I am stuck in Fallujah and hope to get out later today. In the meantime, I have been reading a book called “Wikinomics” about the changes that online collaboration and web 2.0. will create in society. (Wiki, BTW, is from the Hawaiian word for quick and a wiki is a form of organization and technology that allows users to create, edit and link information in non-hierarchical collaboration.) This knowledge will be useful in my next job but it is of less here – for now. Internet connectivity in Anbar is poor, but it is growing rapidly. We have made some grants to help with Internet hot spots and online newsletters (also available in paper). I think this will come much faster than we expect and I think Internet will be an important medium in W. Al Anbar before I pack up and go home.
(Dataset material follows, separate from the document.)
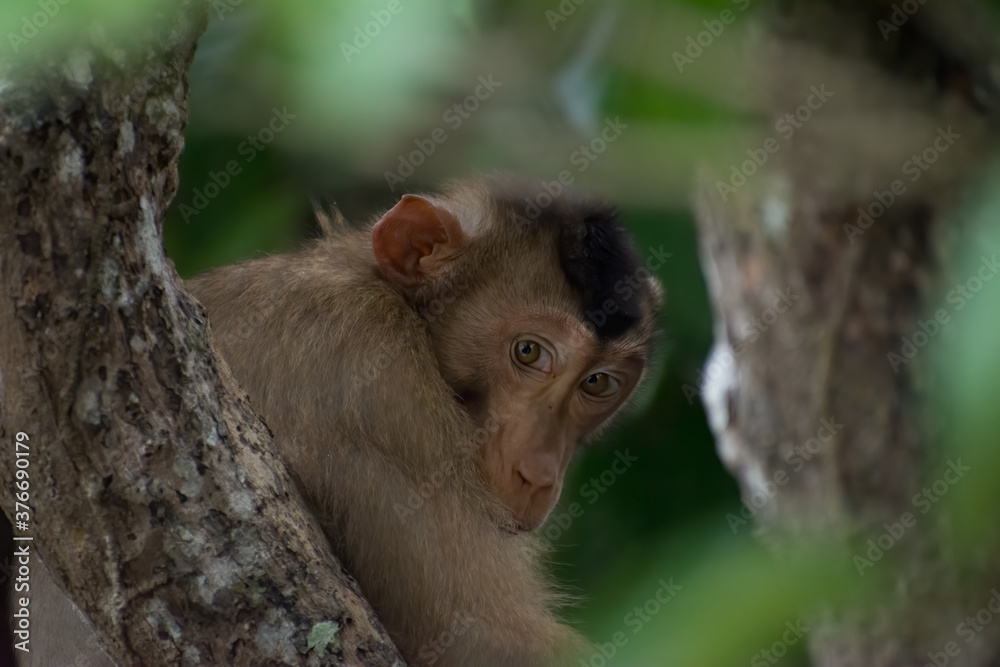 Southern pig-tailed macaque (Macaca nemestrina) in Borneo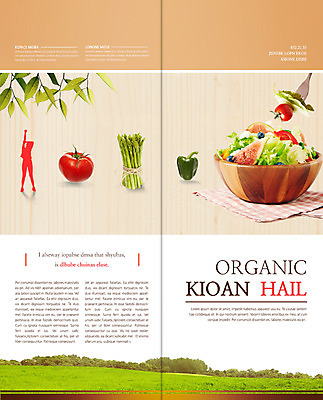 PSD 식물 템플릿 편집 표지디자인 북디자인 웰빙 출판디자인 실루엣 내지 음식 리플렛 백그라운드 포크 토마토 채소 2단접지 북커버 방울토마토 피망 나뭇잎 건강 팜플렛 초원 샐러드 유기농 채식 아스파라거스 믹싱볼 이미지템플릿 그릇 식기 잎 촬영기법 파일형식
Already many of our good contacts have email, although most do not check it often enough to make it reliable. During the Saddam time there was essentially no Internet out here and the insurgency slowed its early growth, but these kinds of things grow exponentially.
Internet makes great sense in a large and sparsely populated place like Anbar. It can be a way to communicate and a means for governments to better serve constituents. But it will remain an elite form of communication for some years to come. Our biggest challenge is not the technology, but the levels of literacy. Iraq used to be one of the most literate Arab counties, but Iraqis fell behind during the Saddam times. The literacy rate in Iraq is only around 74% and it is lower in a rural place like Anbar. We have some adult literacy programs, but this is a problem long in the making that will require solutions that may take a long time to be effective.
The most modern technology can hit the wall of an ancient problem. Literacy is one of the first technologies. It allows the transmission of information over time and distance. It is so ubiquitous that we take it for granted. Literature is a type of slow motion wiki (if that is not too much of an oxymoron). The Sumerians invented writing nearby about 5000 years ago. Pity it didn’t catch on better locally.